1941 Deportation

Forcible population transfers by secret police (NKVD).

Between 1941 and 1952, more than 1.2 million German people were rounded up, mainly along the Soviet Union's western borders, and dumped thousands of kilometers away in eastern and central Siberia or in the Central Asian republics. 

Volga Germans:          Sept 1941    400,000
Other Soviet Germans:   1941-52    850,000
                                      Total = 1,250,000

The Journey:
The Germans were forced onto train convoys of cattle wagons and shunted off to Siberia and Central Asia. They had been encouraged to migrate to Russia 175 years ago but now the Soviet authorities decided the Germans were collectively guilty of spying for the enemy. 

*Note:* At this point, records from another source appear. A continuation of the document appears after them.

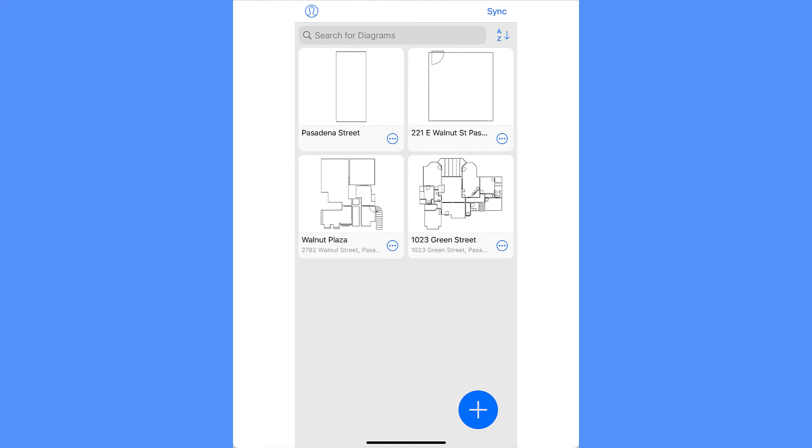The app works with name-brand laser distance meters and AR LIDAR cameras to make measuring distance fast and accurate.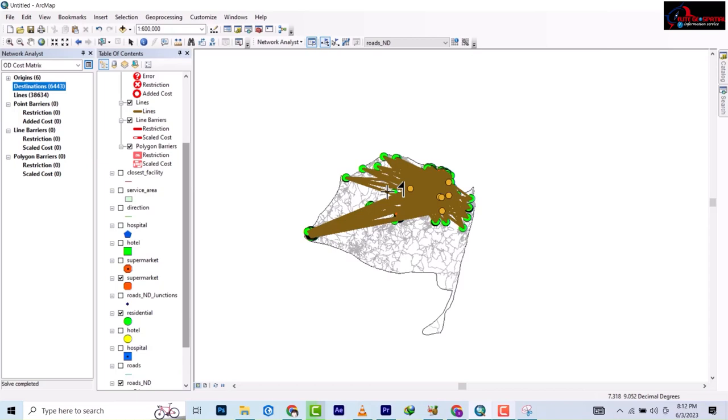This brings us to the end of this network analysis. I will be starting a new one. The whole of this analysis we started with, we used shapefile all through, so we'll be using the geodatabase to do the other one. We'll be doing everything the same but just using the database and see how it can carry out.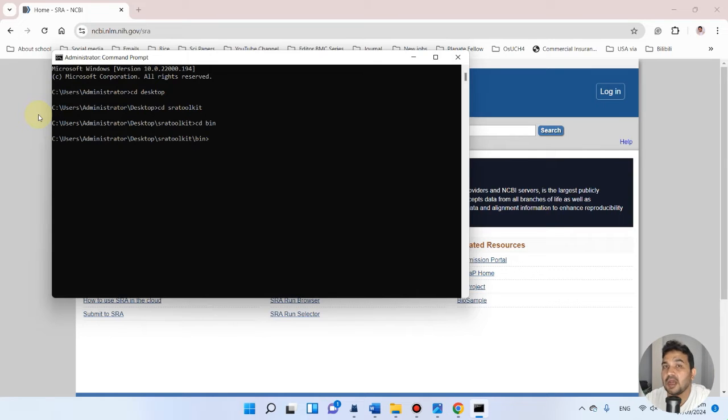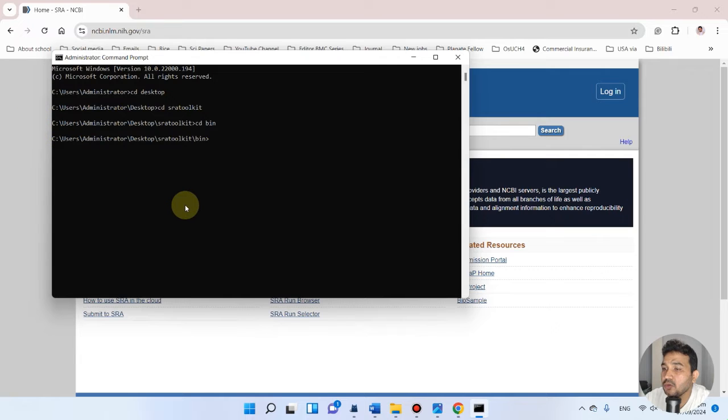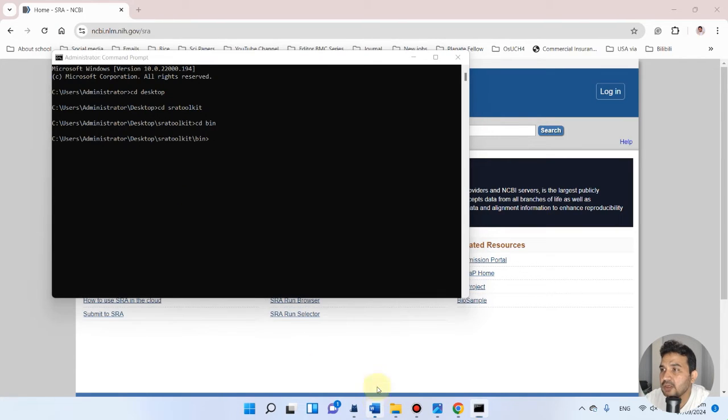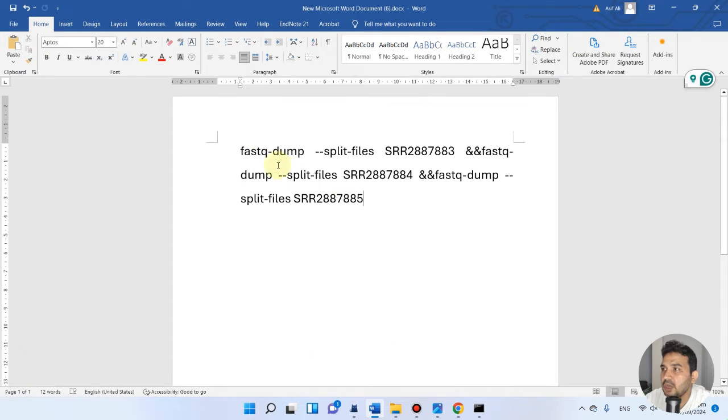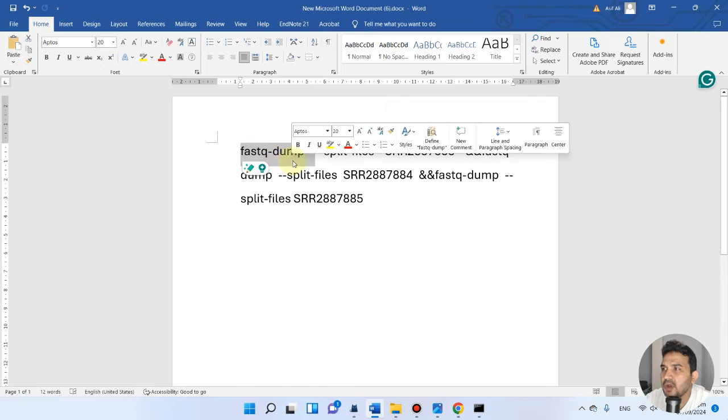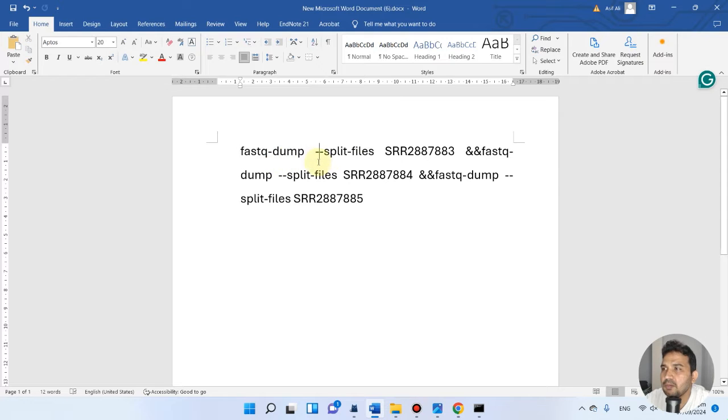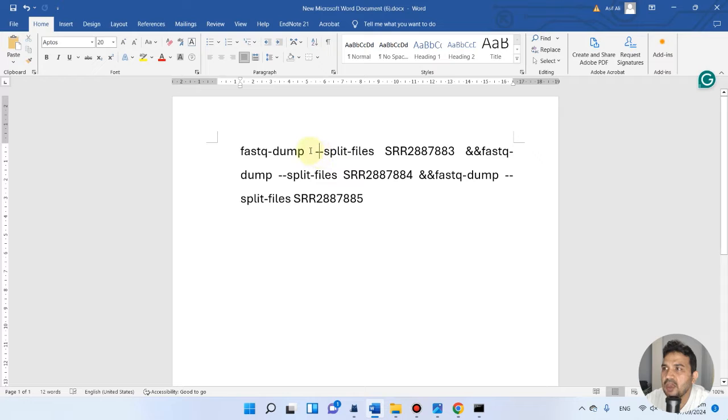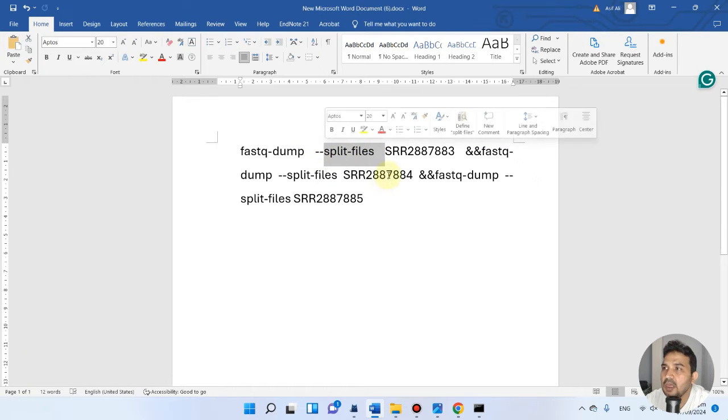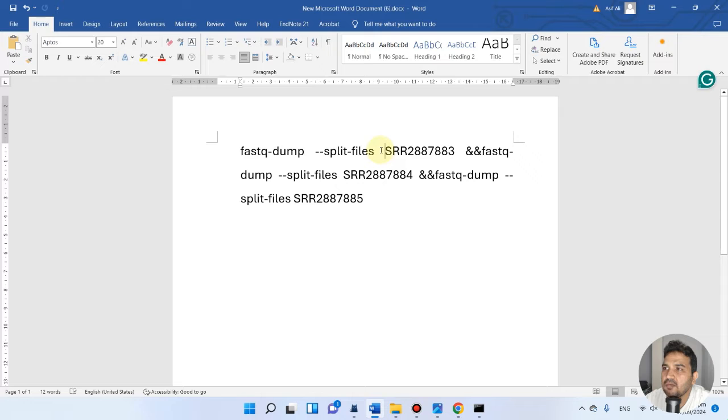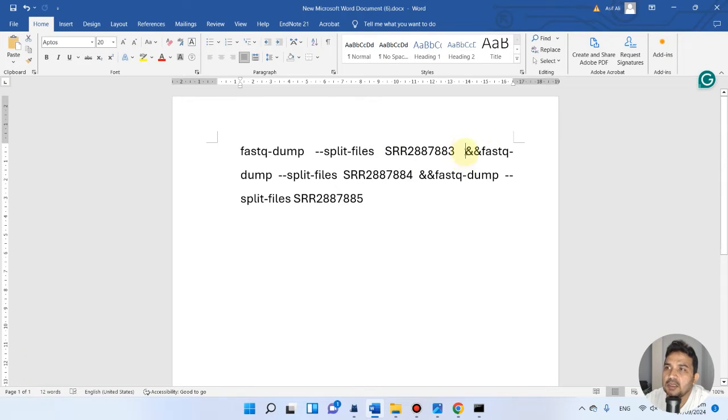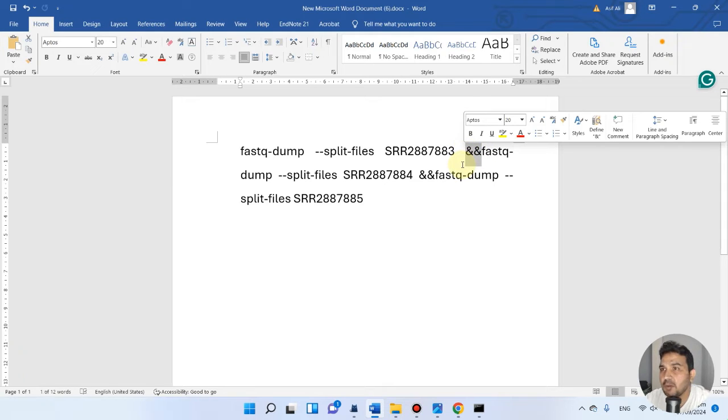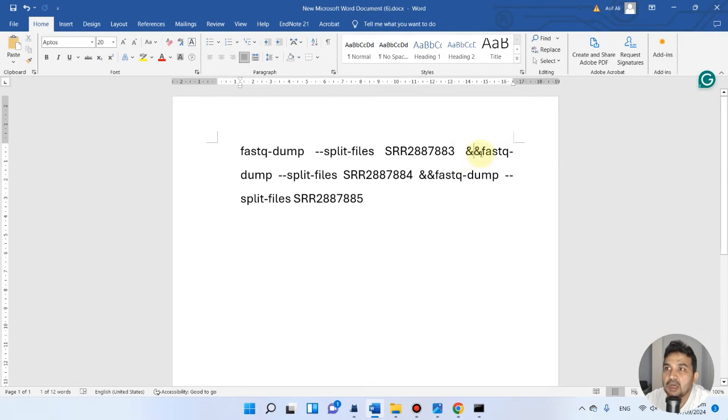Now let me show you how you can write your code in this command prompt for multiple SRA accessions. We can write code like: fastq-dump, then put a space, then minus minus, then split the files, then enter the accession number one. Then we can put a space and start the next one, telling the command prompt that after downloading this one, start the next one, which is fastq-dump again.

The inhabitants of the autonomous Volga German Republic were among the first to go. From September 3, 1941, 400,000 Volga Germans were removed to Siberia on board 151 train convoys departing from 19 different stations.

Some 20,000 NKVD troops and huge quantities of rolling stock and other resources were diverted from the war effort in order to shift vast numbers of old people, women and children to distant lands quite unprepared to receive them. 

The consequences were devastating. Some families were given as little as five or ten minutes to pack up their belongings and food for the trip. No food was supplied. Tens of thousands are believed to have died during journeys which lasted up to two months. In some cases, bodies were left in the overcrowded cattle wagons for weeks on end. In others, they were thrown out beside the tracks. Most estimates indicate that close to 40% of the affected population perished.

Many of the transfers took place in winter. Those who survived the journey often found themselves with inadequate clothing, no shelter, and no means to support themselves in temperatures as low as -40C in Siberia. Their movement was restricted to a limited zone always a few kilometers short of the nearest town. 

Back To Germany:
The penalty for straying was 15-20 years of hard labor in the Gulag camps. People found themselves doing totally unfamiliar work in utterly alien surroundings. Urban people were set to work in the mines and forests of Siberia. 

Under Khrushchev, in September 1955, various restrictions were annulled but not fully implimented to Germans utill 1964. Under a special arrangement with the German government, Soviet Germans were allowed to emigrate to Germany but this permission to return to their homelands only occured after the disintegration of the Soviet Union in 1991. By the end of 1995, 1.4 million had moved to Germany, and a further 1.2 million are still living in in Kazakstan, Kyrgystan and the Russian Federation.